## Work instruction
Give the listing again exactly, skipping any pictures it holds.
───── Information provided ─────
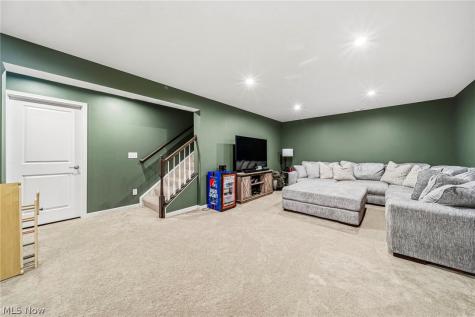 2069 Canterbury Drive Willoughby OH 44094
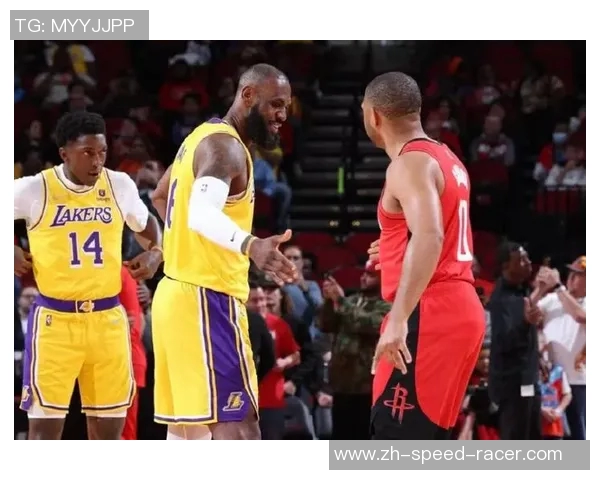 上海大鲨鱼与火箭队激战正酣谁能在这场对决中笑到最后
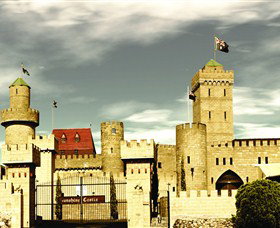 Sunshine Castle Bli Bli - Palm Beach Accommodation 0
─────
## Problem solution
 2069 Canterbury Drive Willoughby OH 44094
 上海大鲨鱼与火箭队激战正酣谁能在这场对决中笑到最后
 Sunshine Castle Bli Bli - Palm Beach Accommodation 0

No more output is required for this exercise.